Beam Suntory, the maker of Teacher’s, Laphroaig and Bowmore Scotch whiskies, recently launched a new Peatland Water Sanctuary initiative.
The initiative looks to ensure the long-term sustainability of whisky production in Scotland, and the first project is due to begin at Ardmore distillery this month, followed by subsequent projects at other sites across Scotland.
It will be a large-scale series of peatland restoration and conservation and watershed conservation projects in Scotland representing a significant expansion of Suntory and Beam Suntory’s work in watershed protection.

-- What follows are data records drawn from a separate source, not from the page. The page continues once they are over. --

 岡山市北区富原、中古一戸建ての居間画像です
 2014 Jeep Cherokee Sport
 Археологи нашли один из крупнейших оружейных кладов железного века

This follows their establishment of Natural Water Sanctuaries in both Japan and the US.
According to a joint statement, Beam Suntory and Suntory Holdings plan to invest more than $4 million in the restoration and conservation of 1,300 hectares of peatlands by 2030, enough to produce the same amount of peat that Beam Suntory harvests every year in making its Scotch whiskies on an ongoing basis.
Once restored and conserved, peatland naturally accumulates by 1mm per year, and that 1mm growth spread across 1,300 hectares will equate to Beam Suntory’s annual use. Suntory and Beam Suntory will also undertake new watershed conservation projects at various locations in Scotland.
Tak Niinami, CEO of Suntory holdings, said in a prepared statement the Peatland Water Sanctuary initiative is inspired by Suntory’s Mizu to Ikiru (Living with Water) promise, “which is underpinned by our mission to create harmony with people and nature. We believe that water flowing through peatlands is suited for whisky production and by restoring and conserving peatlands we hope to not only contribute to preserving whisky production as an indispensable part of Scotland’s culture, but also fulfil our responsibility as a company that relies on the blessings of nature and water.”
In the first phase, nearly 15 hectares of peatland in the Ardmore Knockandy Hill north side slope will be restored, with more to follow in 2022. Restoration will also potentially include Malsach Burn Valley as early as 2022.
This initial restoration project at Ardmore will be undertaken in partnership with the James Hutton Institute, who are assisting with the research, planning, and execution of the restoration, and Forestry and Land Scotland, which owns the land.
Initial assessments for new projects are already under way on Islay, where Beam Suntory’s Bowmore and Laphroaig distilleries are located, and surveys on potential watershed activities near Beam Suntory’s Auchentoshan and Glen Garioch distilleries are also being planned.
Beyond 2030, Suntory and Beam Suntory look to have restored sufficient peatlands by 2040 to equate to twice the volume of peat that Beam Suntory harvests to make its Scotch whiskies.
The conservation work will also support carbon sequestration and biodiversity in the local area, helping to maintain and protect the important role of peatland ecosystems in Scotland’s natural environment.
David Hunter, chief supply chain officer for Beam Suntory, said, “As part of our Proof Positive sustainability strategy, we believe it’s our responsibility to make a positive impact on the environment in which we operate, which is why we are committing to restoring and conserving as much peat as we harvest by 2030, as well as conserving crucial watersheds across Scotland. By protecting peatlands and preserving local watersheds, we will also help to enhance and ensure the production of the highest quality whisky in Scotland for future generations.”
Colin Campbell, chief executive of the James Hutton Institute, said healthy peatlands help build resilience into water supplies and restoring them allows nature to recover from the impact of climate change and promotes long-term carbon sequestration.
“These natural assets are essential for sustaining one of Scotland’s most important industries, and it is truly a pleasure to work with partners who have such a well-developed philosophy around the protection of our natural environment,” he said.